New intellectual property legislation, known as the Protect IP Act and proposed last month by a Senate bipartisan group, is being criticized for being too generic and too easy to manipulate. A hold has been put on the Preventing Real Online Threats to Economic Creativity and Theft of Intellectual Property Act of 2011.
Critics say the proposal, designed to protect U.S. companies from Internet copyright infringement, would encourage enforcement outside the courts. The bill allows an accusation to be enough to block an online company’s website from American viewers.
The nonprofit Electronic Frontier Foundation say the bill’s wording could leave the proposed law open to wide interpretation, not just by the legal system, but by ISPs and the individual companies who felt their rights had been violated.

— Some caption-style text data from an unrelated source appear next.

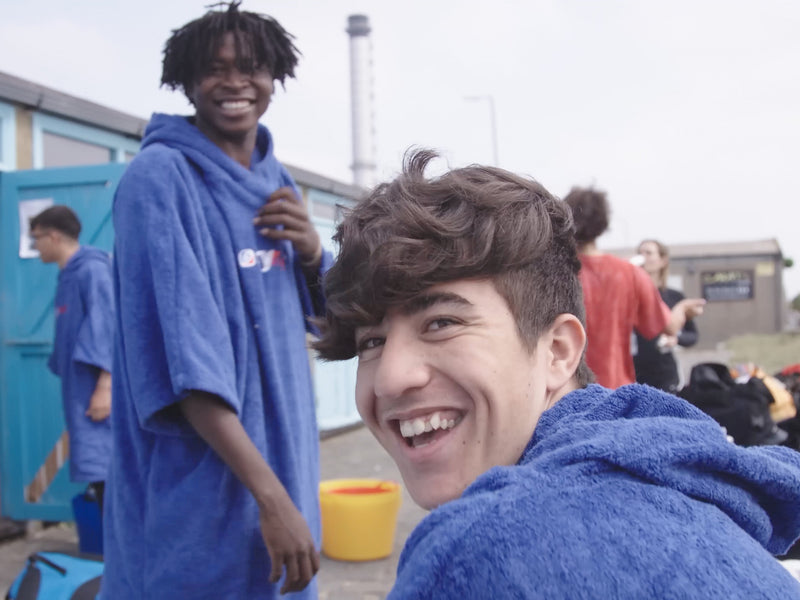 Two Wave Project participants smiling in Towel dryrobes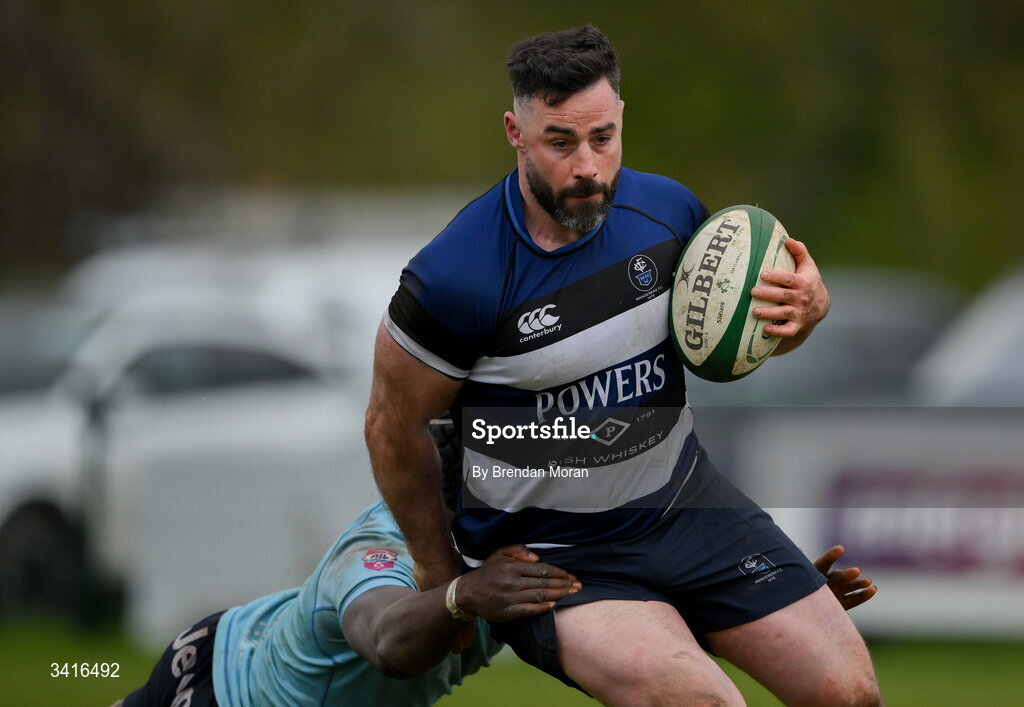 4 April 2026; Mick McGrath of Wanderers is tackled by Abdul Olaosebikan of MU Barnhall during the Energia Men's All-Ireland League Division match between MU Barnhall and Wanderers RFC at MU Barnhall RFC in Parsonstown, Kildare. Photo by Brendan Moran/Sportsfile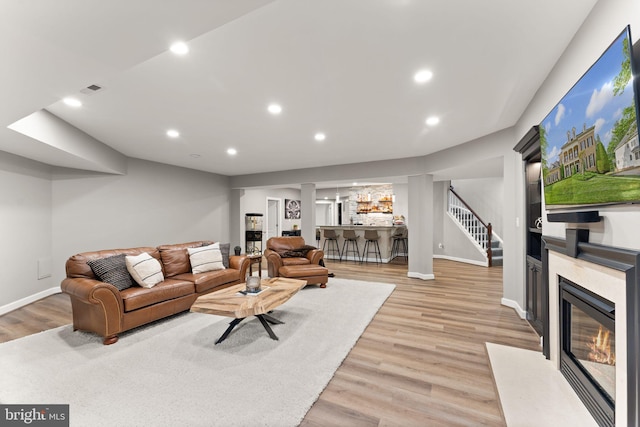 18729 Upper Meadow Dr, Leesburg, VA 20176 - living area with stairs, light wood finished floors, a high end fireplace, baseboards, and recessed lighting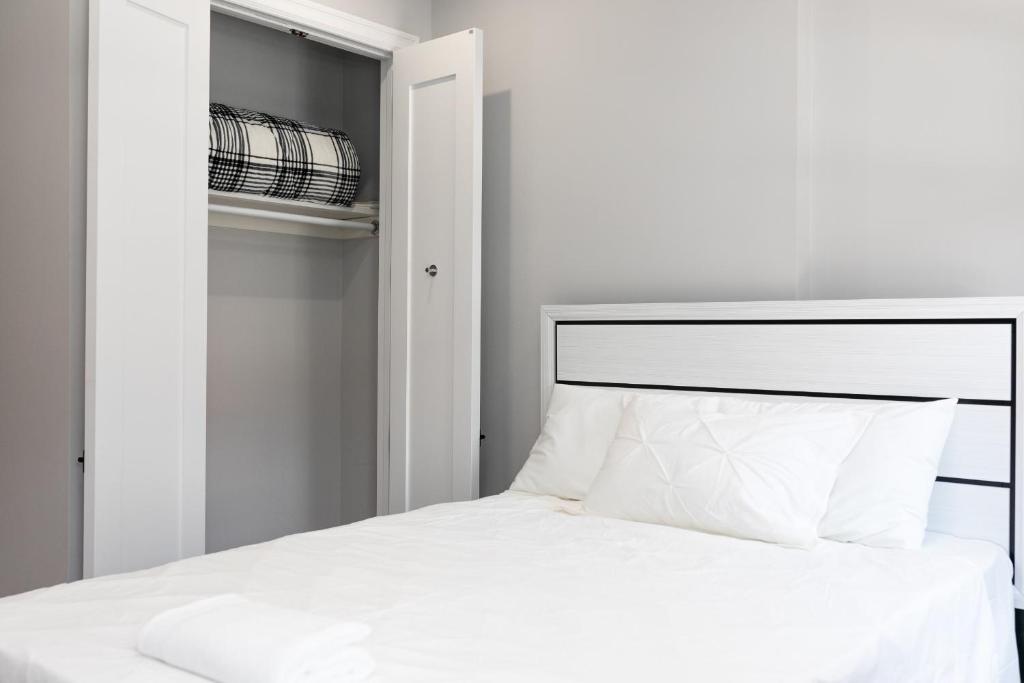 布鲁克林Misbau home的卧室配有白色的床和衣柜。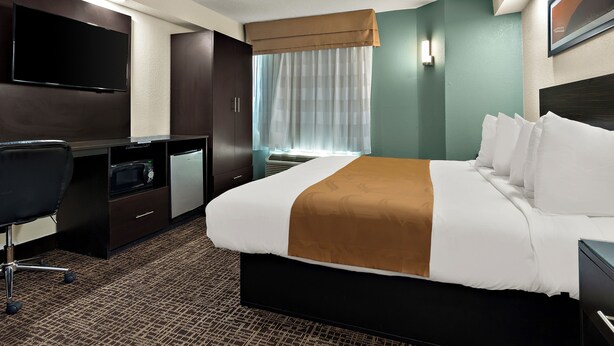 A hotel room with a large bed, a desk with a flat-screen TV, a microwave, and a small refrigerator. - The Point Hotel (Memphis)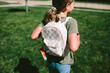 © Maria Manco/Stocksy - girl in ponytail wearing a backpack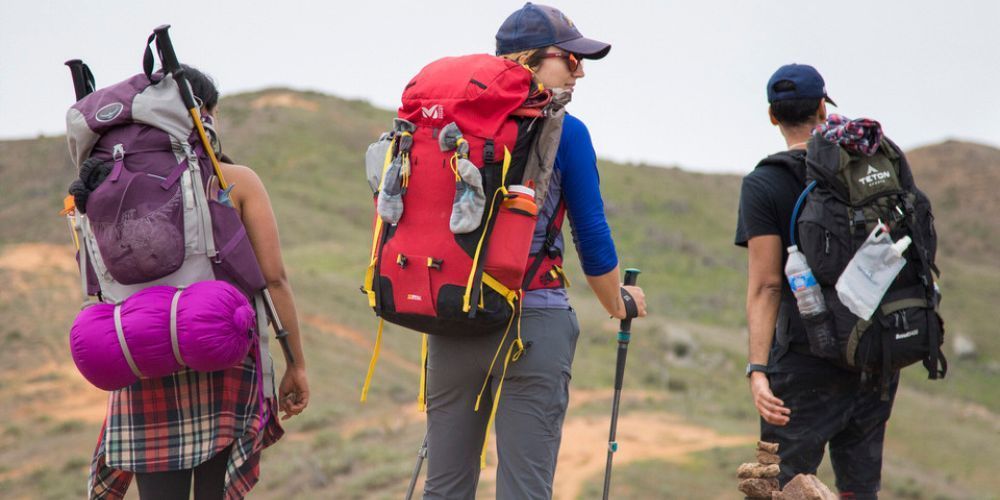 A group of people with backpacks are walking down a dirt road.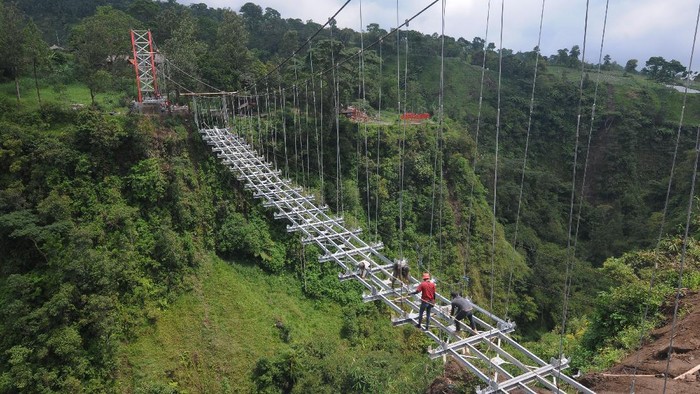 Dusun Terpencil di Lereng Merapi Bakal Punya Jembatan Gantung Sejumlah pekerja membawa kerangka besi saat membangun jembatan gantung di lereng Gunung Merapi, Tegalmulyo, Kemalang, Klaten, Jawa Tengah, Sabtu (18/12/2021). Pembangunan jembatan gantung tersebut diharapkan dapat mempermudah akses bagi warga yang tinggal di kampung terpencil Girpasang serta mendukung pengembangan pariwisata di kawasan tersebut. ANTARA FOTO/Aloysius Jarot Nugroho/foc.
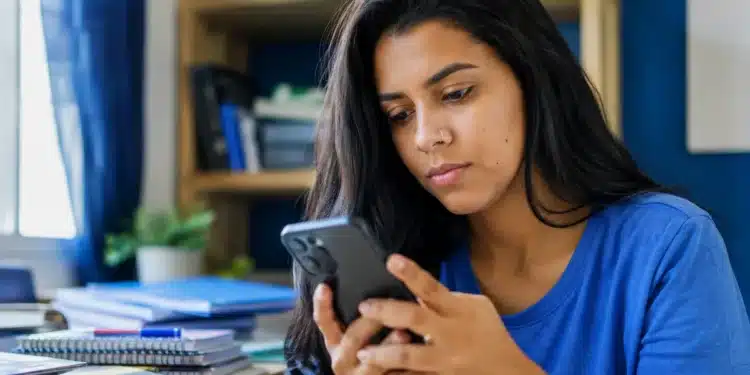 Jovem universitária consulta o celular em casa, representando a espera pelo resultado dos pré-selecionados do Fies 2026.2.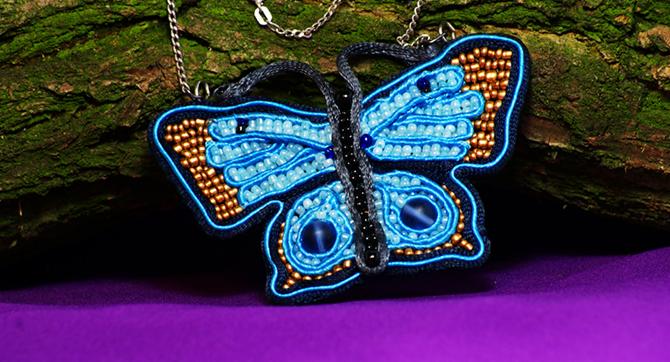 Ręcznie robiony wisiorek motyl z niebieskich i złotych koralików, wykonany techniką sutasz i wire-wrapping, na fioletowym tle i kawałku kory.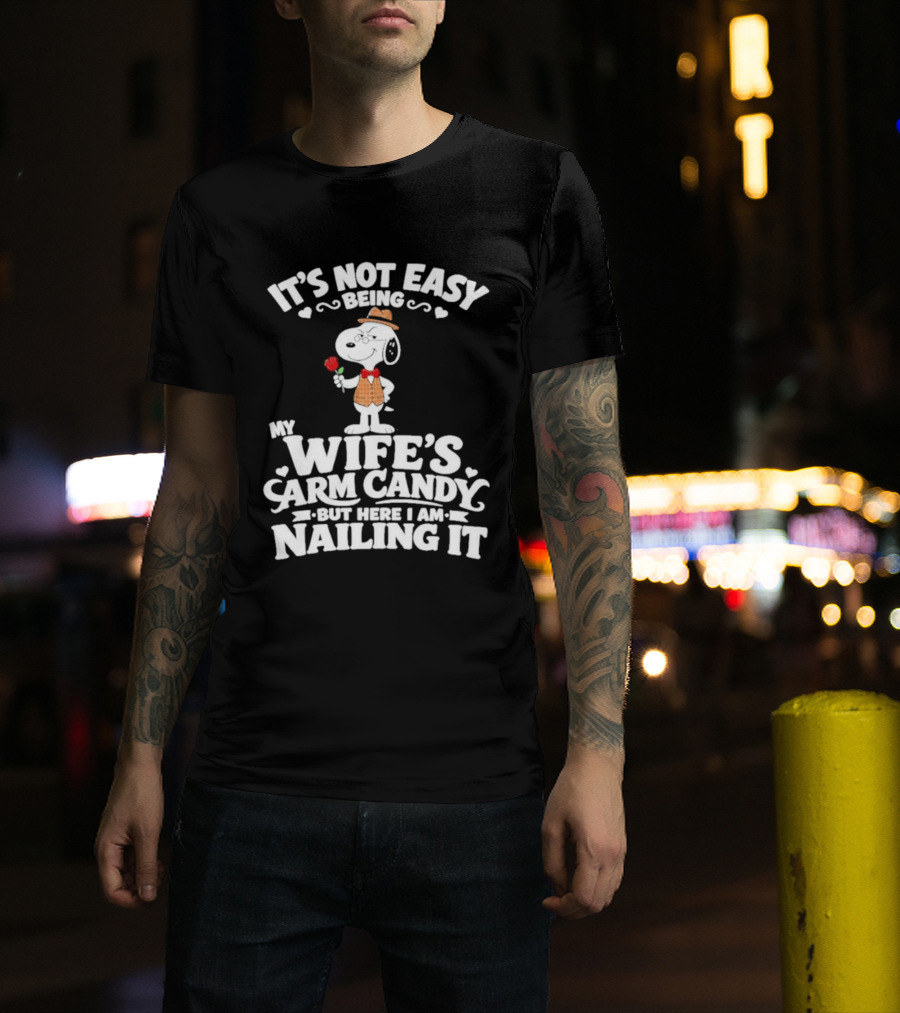 Snoopy It's Not Easy Being My Wife's Arm Candy But Here I Am Nailing It T-Shirt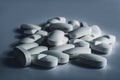 Closeup of many white prescription drugs, medicine tablets or vitamin pills in a pile - Concept of healthcare, opioids addiction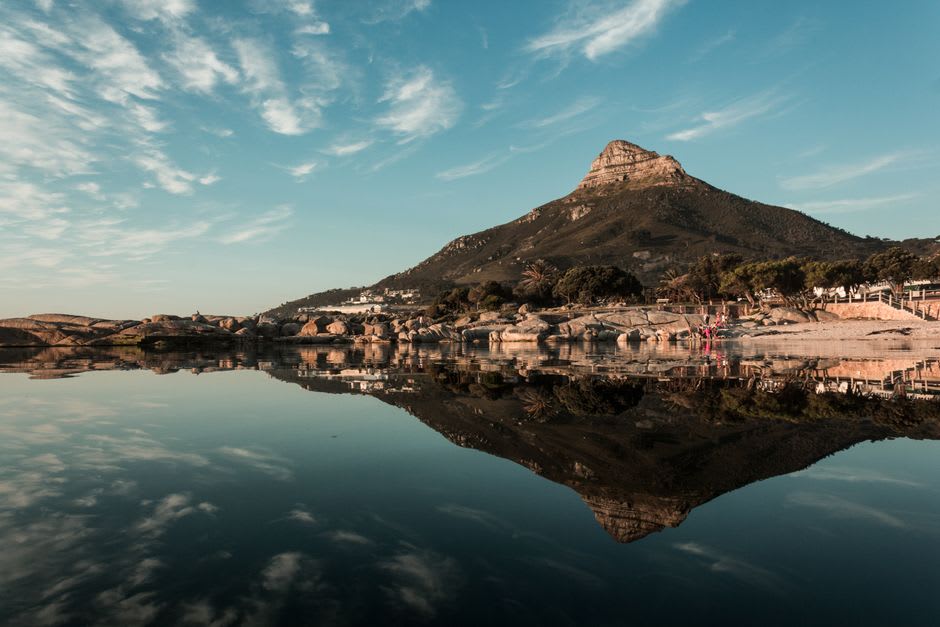 El empinado sendero rocoso que sube hacia la cumbre de Lion Rock, con las densas torres de Kowloon visibles entre los huecos de los árboles abajo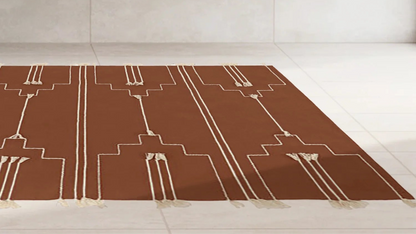 Low-pile earth-toned kitchen rugs bring warmth and ease to any kitchen, just like this Wool Rust Brown Rug from 54kibo.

Under the Protect IP Act, the U.S. Attorney General and U.S. companies who hold private intellectual property rights could sue and block suspect websites. ISPs would be forced to limit access to the alleged Internet pirates, even in advance of any lawsuit outcome.
The proposal does not discriminate between U.S. and foreign suspected violators. Unknown or foreign site owners could just as easily be blocked, before any court judgment, as could those within the U.S.
Bill opponents say e-commerce disruption could reach a personal level with the random blocking of e-mails, operating systems and routers. One worst-case scenario imagines that financial transaction businesses, like PayPal, could be upended by such legal restrictions.
The Protect IP Act critics say accused violators’ websites could be restricted at the whim of lawsuits’ plaintiffs and be shut down in the U.S. without warning or due process. Should the bill become law, an ISP would be forced to comply by blocking a suspected website at the ISP’s own unreimbursed expense. It seems that this bill could significantly change the face of intellectual property law. It will be interesting to see how other legislators react to it.